It’s very easy for me to say; “Yeah, sell all your stuff – it’s just stuff”. I’ve done it. I know the freedoms created by having less stuff. I enjoy life more now that I’m not chasing material possessions – the latest tech gadgets, the newest fashions, shoes and outfits for every occasion in life. And that’s why we say “sell all your stuff”. We know these things aren’t necessities, nor do they make you happy. But I also know where you’re coming from when you want to hang on to stuff, I really do.
Memories last a lifetime, so they say. Stuff, on the other hand, doesn’t – especially now. We live in a throw-away society. When something breaks, it gets put to the curb. When something becomes outdated style-wise, it gets either sold at a yard sale, donated, or put to the curb and is then replaced by something trendier and likely cheaper (monetarily and in durability).
Selling even just a few of your possessions can be daunting, scary, nerve-racking, or anxiety-inducing, to coin a few phrases. But what are you gaining from all that stuff? Does your stuff keep your warm at night? Does it say “Hi honey, I’m home”. Can you eat it and not: die, barf, or break your teeth biting into it? Possibly, but it probably won’t taste that great…unless you put some Frank’s Red Hot on it, or maybe some HP Sauce.
So where do you begin? Personally, whenever we’ve needed to sell something we hit local Facebook Buy and Sell groups first. From a visibility standpoint it’s top notch. And from a price standpoint, well, you can’t beat free! Next up is Craigslist and Letgo, and depending on where you are, sites/apps like Gumtree, OLX, and Encuentra24 might be options.
But speaking of Letgo, let’s get back to how you do just that – let go…
Again, this is so easy for me to say because of my past experience selling stuff. If you can believe it, you’re probably just like we were initially – actually, more like just me. I didn’t want to part with certain things, especially when people would low-ball on prices. And you’ll have similar experiences. Why?

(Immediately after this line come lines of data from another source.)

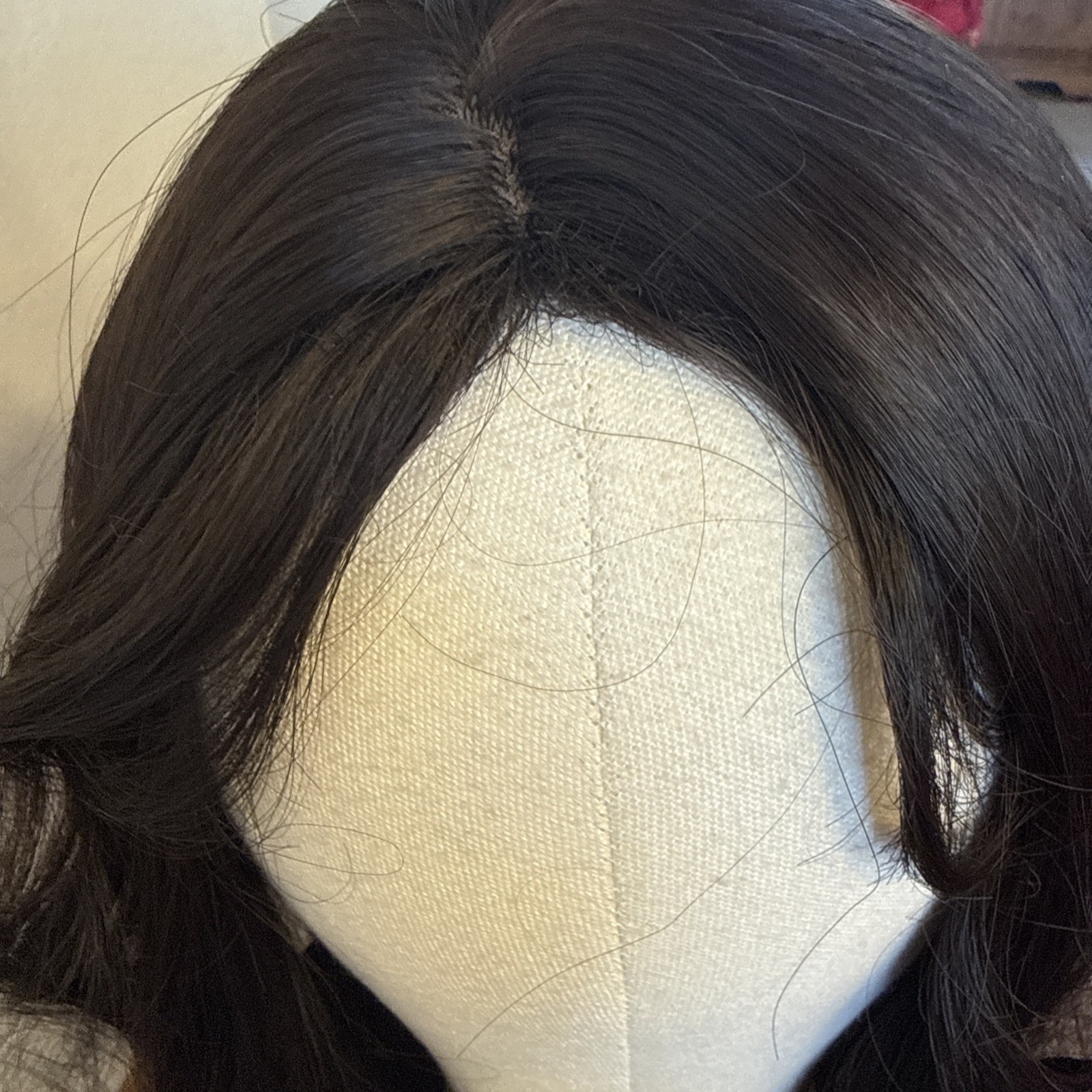 Hairline Lace Frontal Wig 26”So Soft Beautiful Black 1 Front Curtain Bang 271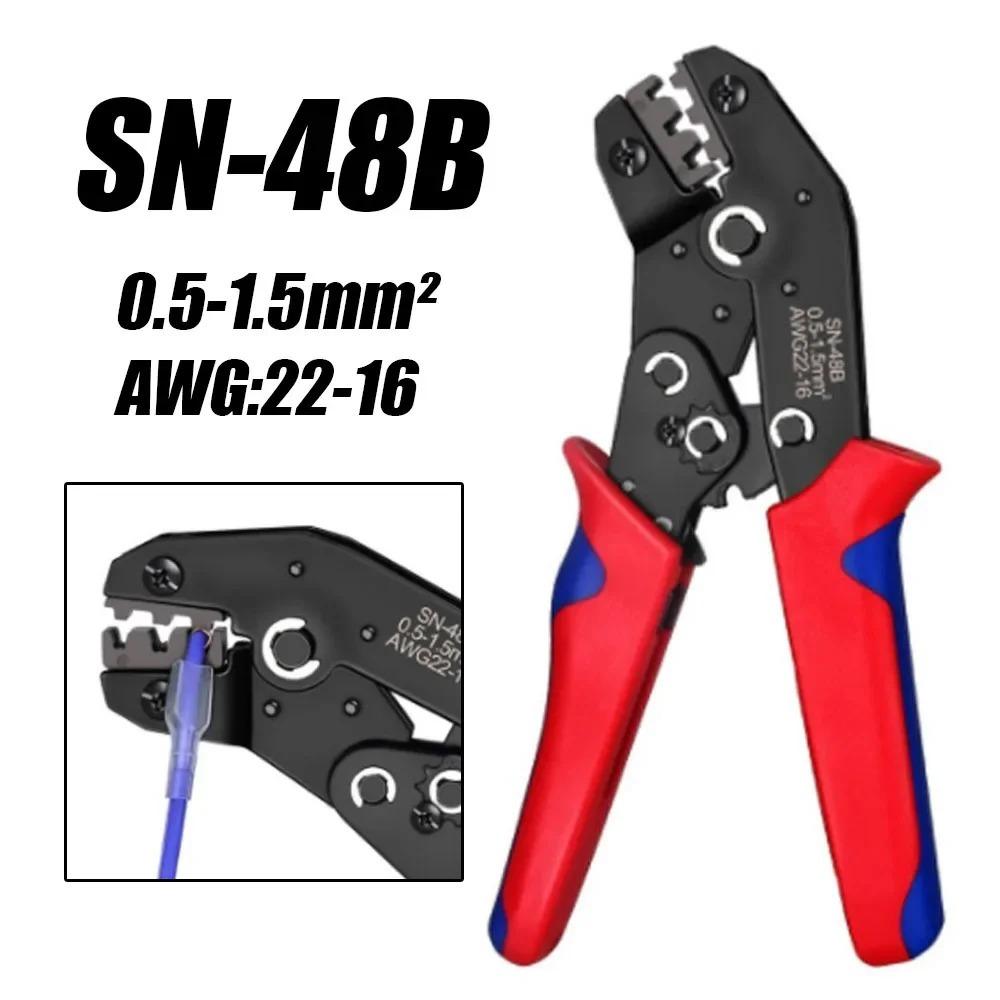 Waterproof Crimping Pliers SN Multifunctional Ratcheting Crimping Tool Wire Crimper Plumbing SN-02C-190-0.5~2.5mm²
Waterproof Crimping Pliers SN Multifunctional Ratcheting Crimping Tool Wire Crimper Plumbing SN-02C-190-0.5~2.5mm²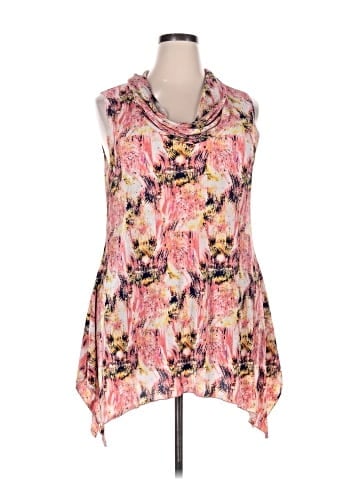 Brittany Black Sleeveless Blouse (view 1)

Because we create an emotional attachment to stuff.
One of our first Christmases in our new house I decided to make my wife, Shelly, a cabinet. We’d seen one in an antique shop for well over $300. I looked it over and thought “I could build that for WAY less”. So I hid in my man-cave for a few weeks to build it, and rather than just put a bow on it and say; “Merry Christmas”, I had Shelly go on a treasure hunt for it, creating an antiqued treasure map using tea bags and singed the edges with a lighter.
There were a few other things about this cabinet though. It was the first piece I ever built from scratch. It wasn’t anything overly complex, aside from the door. And the piece of pushed tin was a story on its own because of the confusion I had with the ‘tin man’ I bought the tin from. Lastly, it’s technically called a ‘pie safe’, but through sheer luck, it just happened to perfectly fit liquor bottles of various sizes and conveniently stored our wine glasses too, so I guess I built the first ever ‘liquor pie safe’…hmm…uh…yeah, I’ll leave that phrasing alone.
And therein proves my point. I had created an emotional attachment to it. But it wasn’t the piece itself – it’s the stories behind it and the memories it created that I was (and still am) emotionally attached to. The picture of something triggers the same memory as the physical item itself. This image of our liquor pie safe reminds me of the stories above. I didn’t need to hang on to it anymore, let alone try and get $300 like the antique store. So I removed my emotional attachment and let it go for roughly the cost of materials; $100.
Besides, I’ve already built one liquor pie safe, I could easily build another some day if I wanted to!
And that’s one of the tricks to letting go of that emotional attachment. Take a picture, put said picture in the cloud for safe keeping, or make a slide show with the stories behind those items for your family to enjoy.
Now go sell all your remove your emotional attachment to stuff!